The issue I have here is that I have captive portal disabled on this device, so how the external scan is even picking up the captiveportal.peplink.com is confusing to me. Can anyone help me understand how this would be happening?

And one more that is lower priority concern:

  1. System Responds to SYN+FIN TCP Packets. Port: tcp/10
    This device responded to a TCP packet with both the SYN and FIN bits
    set. Such packets do not occur in typical network traffic, but can be
    used by attackers to bypass the security rules configured in nonstateful
    firewalls and establish connections with protected hosts.
    CVSSv2: AV:N/AC:L/Au:N/C:N/I:N/A:N
    Service: generic_tcp
    Reference:
    VU#464113 - TCP/IP implementations handle unusual flag combinations inconsistently
    Remediation:
    Verify that stateful inspection has been implemented on the network to
    protect this host from out-of-state attacks. Confirm with your vendor
    that there are no known rule-bypass concerns with this device, and
    that the software revision is current. You may additionally wish to
    create specific filtering rules designed to drop or reject packets with
    certain combinations of bits set in initial synchronization packets such
    as SYN/FIN, and SYN/RST. Do not use routable IP space internally,
    except within your DMZ.

@cyclops

Let us start discuss the PCI compliance by referring to the PCI compliance guide below:

Some of the settings you need to enable (as shown in the guide) before you start the scanning.

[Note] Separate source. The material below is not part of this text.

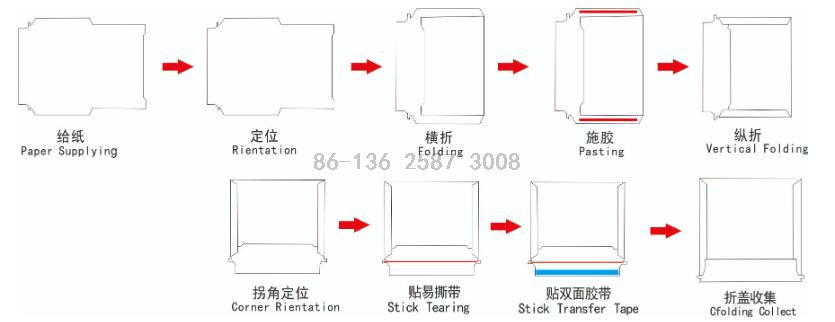 EMS DHL Paper Envelope Bag Pasting Machine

The above certificate is the default certificate for the device, you can upload your own cert to make sure the certificate used is compliance. Please refer to the screenshot below:

For the above, may i know how the PCI scanning is performed ? Do you scan directly connect to the WAN port for the Balance One ?

1 Like

For #3, I’m still confused why an external WAN PCI scan would discover the captiveportal.peplink.com certificate when the captive portal feature is disabled on this device.

When VPN IPSEC is enabled, the PCI scan also finds the same certificate error. However, when VPN is disabled, the PCI scan does not find the certificate error. To me, both VPN and captiveportal would behave the same for these scans. If enabled, the scanner would see the generic certificates and give the error. If not enabled, the scanner shouldn’t give the error.

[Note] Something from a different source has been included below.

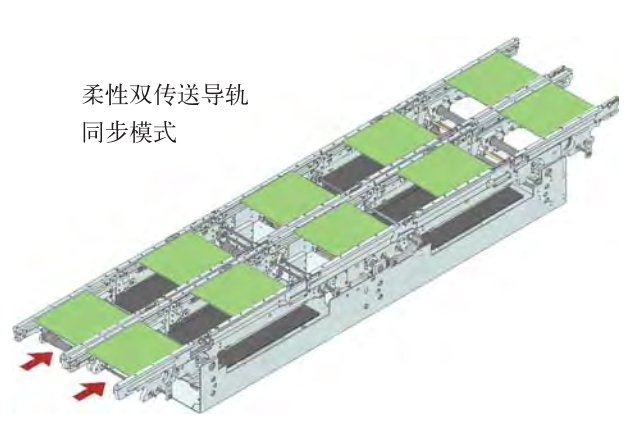 1744882021904000.jpg 西门子蘑菇视频污入口SIPLACE传送导轨轨道原理.jpg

Re: 4. It is done by an external 3rd party. Trustwave. Edit: They scan our IP addresses connected to the Peplink device. There is no on-site testing.

If the captive portal is disabled, the PCI scan shouldn’t be detecting any issues. Are you managing the Balance One from IC2?

1 Like

I’m managing the Balance One directly from the device.

I took a closer look, and the “default certificate” for web admin uses the same captiveportal.peplink.com certificate name. I think that is why it appeared to be the captiveportal showing up/being scanned. I thought the certs were different for each service.

The 32015 port is related to speedfusion and PepVPN handshake port, and we are using PepVPN.

Thanks.

Yes, that is what i trying to explain here.

1 Like

I want to give this a big thumbs up and more detailed request. More and more of our customers are failing PCI compliance scans. Some because of the cert, which we can fix but is a pain in the ass. Others just because it responds at all on these ports (32015 etc).
The pepwave is set to connect TO our central routers. So why is it responding to 32015 from random IPs?
My request is similar to the admin security=>web admin access control. Add ability to say “only respond to pepvpn requests from XXX subnets”. That way the port scan will find nothing.